吴茱萸碱 化学 葡萄糖醛酸 色谱法 代谢物 串联质谱法 电喷雾电离 羟基化 液相色谱-质谱法 新陈代谢 质谱法 高效液相色谱法 生物化学
作者
S. K. Lee,D. W. Lee,Tae-Won Jeon,Chunhua Jin,G. H. Kim,In Hye Jun,D. J. Lee,S.-I. Kim,D.-H. Kim,Yurngdong Jahng,Tae Cheon Jeong
出处
期刊:Xenobiotica [Informa]
卷期号:35 (12): 1135-1145 被引量:18
标识
DOI:10.1080/00498250500363742
摘要

From the authors' previous studies on the Phase I metabolism of rutaecarpine, nine metabolites formed were identified as products of hydroxylation on the aromatic rings in rat liver microsomes.

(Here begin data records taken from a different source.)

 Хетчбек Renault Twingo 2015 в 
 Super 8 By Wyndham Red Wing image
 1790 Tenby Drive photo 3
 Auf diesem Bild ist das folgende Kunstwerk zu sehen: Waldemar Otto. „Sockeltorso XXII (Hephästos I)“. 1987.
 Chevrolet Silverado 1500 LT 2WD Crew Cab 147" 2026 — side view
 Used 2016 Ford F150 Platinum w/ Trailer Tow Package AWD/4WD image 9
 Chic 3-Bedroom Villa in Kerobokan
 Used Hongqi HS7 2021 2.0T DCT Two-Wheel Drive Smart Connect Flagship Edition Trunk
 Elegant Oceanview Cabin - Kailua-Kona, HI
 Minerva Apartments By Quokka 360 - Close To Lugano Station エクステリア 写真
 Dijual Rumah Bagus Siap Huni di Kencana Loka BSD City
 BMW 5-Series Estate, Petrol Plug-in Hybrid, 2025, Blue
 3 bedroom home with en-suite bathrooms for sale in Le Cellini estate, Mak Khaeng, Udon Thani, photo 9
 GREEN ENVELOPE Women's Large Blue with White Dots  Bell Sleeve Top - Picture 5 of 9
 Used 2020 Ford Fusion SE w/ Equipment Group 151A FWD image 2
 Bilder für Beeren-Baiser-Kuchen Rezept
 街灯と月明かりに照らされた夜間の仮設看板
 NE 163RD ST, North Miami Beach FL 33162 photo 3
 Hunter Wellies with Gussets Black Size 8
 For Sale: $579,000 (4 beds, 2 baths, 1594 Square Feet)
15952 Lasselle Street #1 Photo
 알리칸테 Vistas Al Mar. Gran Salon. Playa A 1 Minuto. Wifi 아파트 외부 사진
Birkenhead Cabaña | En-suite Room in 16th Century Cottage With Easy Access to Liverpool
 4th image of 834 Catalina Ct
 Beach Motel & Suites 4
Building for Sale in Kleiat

In order to determine the possible metabolic fate of rutaecarpine, the Phase II metabolites of rutaecarpine were characterized in the present study by using liquid chromatography/electrospray ionization-tandem mass spectrometry (LC/ESI-MS). When male Sprague–Dawley rats were treated intravenously with 4 mg kg−1 rutaecarpine, 16 different Phase I and II metabolites were identified in urine including four sulfate and four glucuronide conjugates. Phase I metabolites of rutaecarpine were identified as four mono-hydroxylated metabolites (M2–5) and four isobaric di-hydroxylated metabolites (M6–9). These metabolites were identical to the in vitro metabolites except one, which was hydroxylated in the aliphatic moiety. In addition, Phase II metabolites were identified as conjugated with sulfate (S1–4) and glucuronide (G1–4). In faeces, 11 different metabolites were identified. The metabolites M8 and glucuronide conjugated (G1–4) were not detected. Structures of all metabolites were confirmed with CID fragmentation spectra of MS2, MS3 and retention times by LC/ESI-MS.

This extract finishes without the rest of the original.